Когда я прожил все свои вещи, знакомые сосватали меня одной вдове. Конечно, я не питал к ней никаких чувств, но голод – не тетка, и я согласился стать ее мужем. Вдова имела небольшой домик, кое-какие связи, они-то и помогли мне стать шофером такси. Многие бывшие офицеры влачили в Париже жалкое существование. Правда, почти все они были у дел и даже на второй год получили «повышения», но какие! Стали ночными сторожами универсальных магазинов и увеселительных заведений, вышибалами в ресторанах, дворниками, швейцарами. Место шофера такси считалось просто роскошью. Шли годы, старели безусые графы, а новая Россия становилась все сильнее и сильнее, о возврате к старому не могло быть и речи.
Все это время я сильно скучал по родине, по раздольным оренбургским степям. – Андрей сильно затянулся сигаретой.
Немного помолчал, закрыл глаза и, потирая лоб, что-то вспоминал.
– Ведь я уроженец небольшой деревушки под Уральском. Отец, разорившийся помещик, плохо жил с матерью. В имении матери вечно происходили ссоры, взаимные упреки сыпались как из рога изобилия, и бабушка, чтобы я этого не слышал, увезла меня к себе в Оренбург. Потом, когда подрос, отправили меня учиться в кадетский корпус. Перед войной получил чин младшего офицера-кавалериста. Попал на фронт. Сражался… за царя, за отечество… И вот остался один-одинешенек на всем белом свете. Без царя, без отечества, без родных. Мать и отец умерли. Бабушка, что воспитывала меня, и того раньше. Все эти годы я много передумал, пережил и понял, что без России не могу жить. Мое прошлое – заблуждение юности. Вот приехал сюда добиться права вернуться домой. А ты как?

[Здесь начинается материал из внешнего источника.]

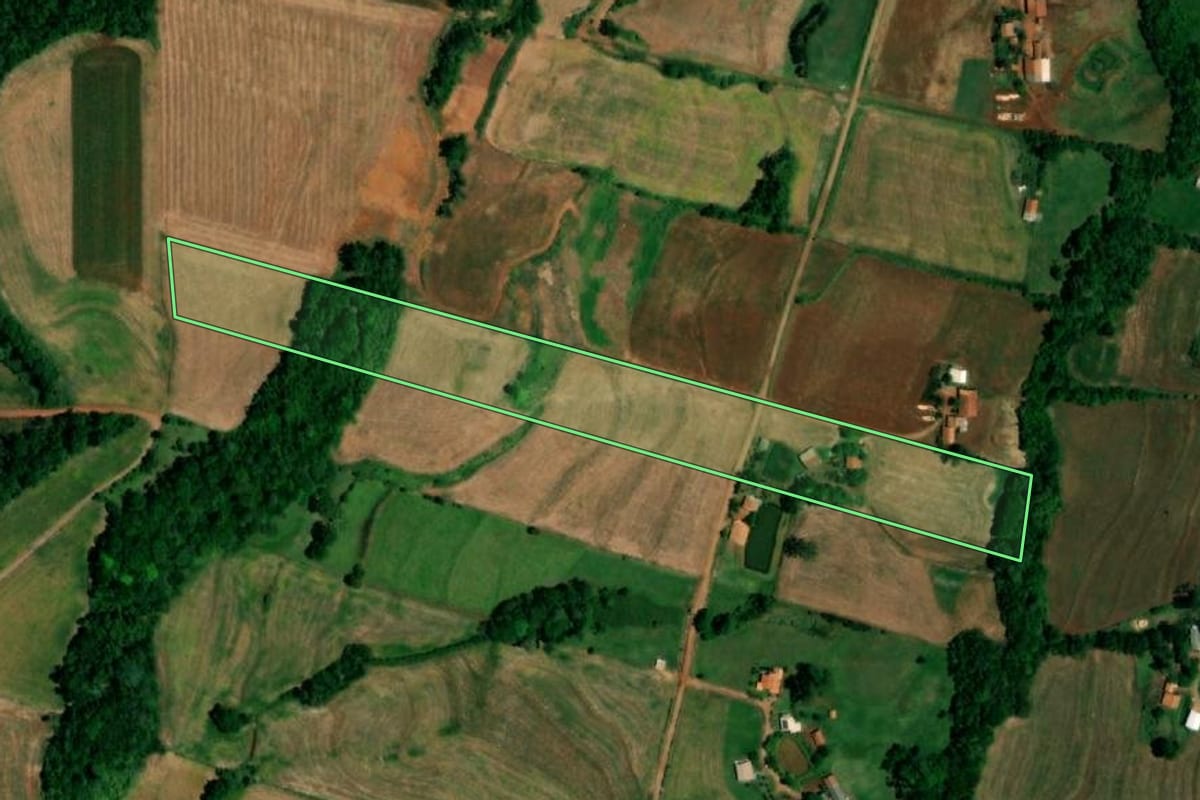 Imagem de satélite do imóvel rural em Planalto (PR), com o contorno declarado no CAR desenhado por cima.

– А разрешат? – уклонился я от ответа.
Если верить моему новому знакомому, то мы и впрямь земляки.
Мне захотелось проверить его. Стал расспрашивать об обычаях уральского казачества, о природе. Он отвечал с охотой, толково и правильно. Сомневаться в том, что он жил там, не приходилось. Подозрения мои, возникшие в первые минуты знакомства, начали проходить. Мы поговорили еще с полчасика и распрощались.